Mr Ryan Mcvey1
1Queensland Health – Darling Downs, Toowoomba, Australia
Within the public health system, allied health services are consistently required to demonstrate value whilst identifying and optimising additional efficiencies. Timely access to accurate and relevant data necessary to achieve this is often challenging, particularly where resourcing is variable.
An allied health data and informatics position was established with appointment conditional on qualification in a relevant allied health profession. Key role objectives focussed on improving reporting, increasing performance, assisting managers to create local service changes and implementing a cohesive approach to allied health data utilisation.
Results were assessed 18 months after implementation using:
1) Changes in divisional performance indicators, and
2) A survey of users (managers and clinicians) accessing reporting solutions.
The overall results suggest that dedicated informatics resources improve allied health performance metrics and facilitate effective manager performance.
Through the development of a suite of simple reporting solutions as well as targeted education activities, managers and senior clinicians reported:
- Improved confidence in independently accessing, interpreting and using the required data, including successfully advocating for additional staffing;
- Improved visibility of allied health services provided across 29 facilities, covering more than 90,000km2.
Additionally, an increase in clinical events and improved patient access times (>50% improvement) were observed. Local and statewide networks were developed for collaboration and resource development, resulting in the creation of similar roles in other health services.
Four key enablers for success were identified:
- Executive support
- Incumbent possesses detailed knowledge of allied health models and context
- Timely access to relevant and accurate data
- Focus on improving data literacy
Allied Health services typically capture large volumes of data. Until staff have both timely access to the required data and the skills to accurately interrogate that data, the full potential of the data sets stored will not be realised. This project provides important lessons for allied health services that aspire to understand and utilise available data.

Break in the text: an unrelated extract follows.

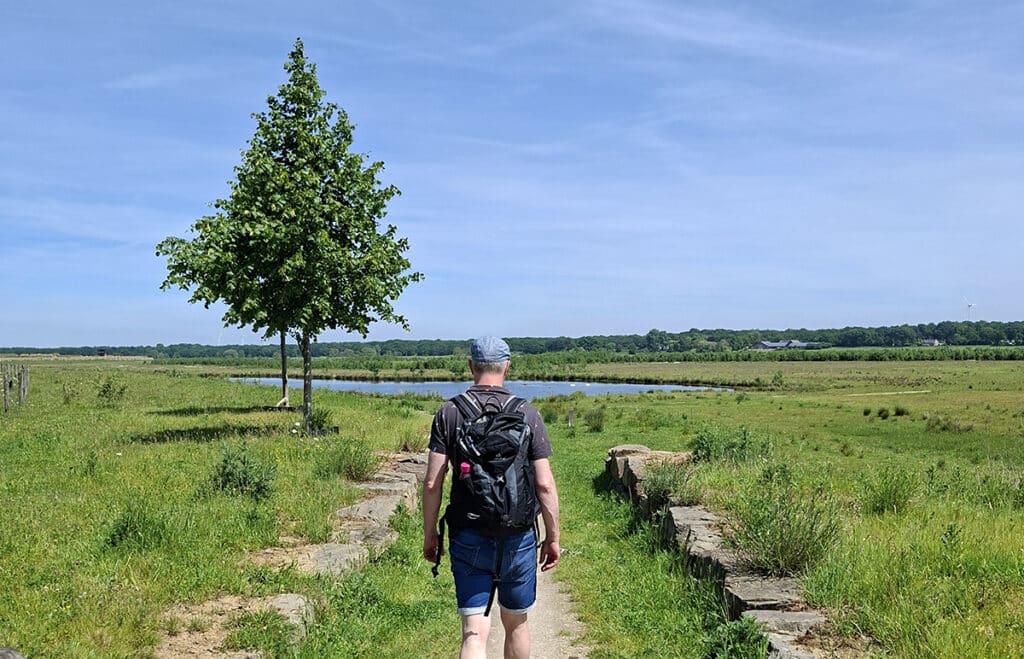 Pad op weg naar uitkijktoren Broekhuizenvorst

With a background as a physiotherapist in both Australia and the UK, Ryan McVey has a detailed understanding of allied health service delivery models. He uses this knowledge to create informative and engaging reporting solutions that assist managers to understand their services and demonstrate the value that allied health services adds to an organisation. As the Allied Health Workforce Development Officer – Data and Informatics within Darling Downs Health he is responsible for driving the digital agenda for allied health.